-- EXTRACTED DATA follows --
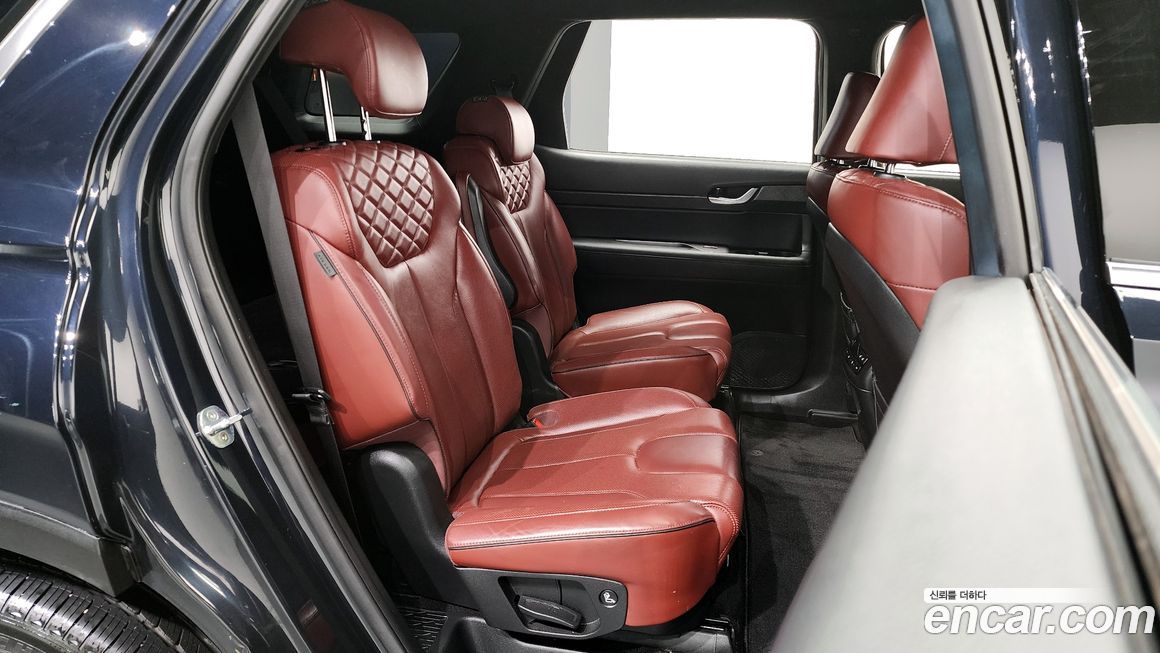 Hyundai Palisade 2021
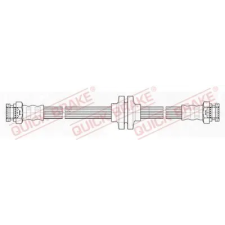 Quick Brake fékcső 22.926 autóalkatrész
-- EXTRACTED DATA concluded --
-- EXTRACTED DATA follows --
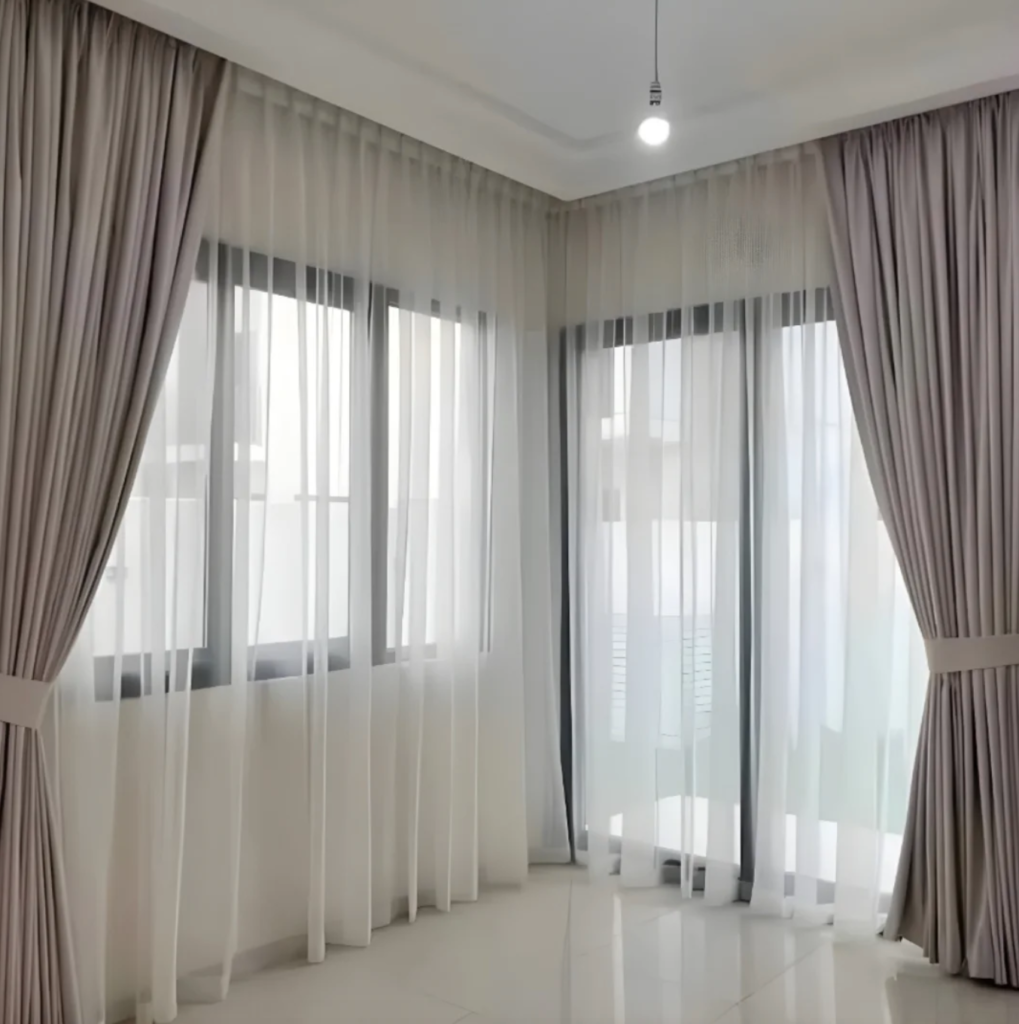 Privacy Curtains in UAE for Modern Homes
-- EXTRACTED DATA concluded --
INSTRUCTIONS FOR THE TASK = Transcribe only the lines above that start at the line containing "Hyundai Palisade 2021" and end at the line containing "Quick Brake fékcső 22.926 autóalkatrész". Omit pictures.

REPLY =
 Hyundai Palisade 2021
 Quick Brake fékcső 22.926 autóalkatrész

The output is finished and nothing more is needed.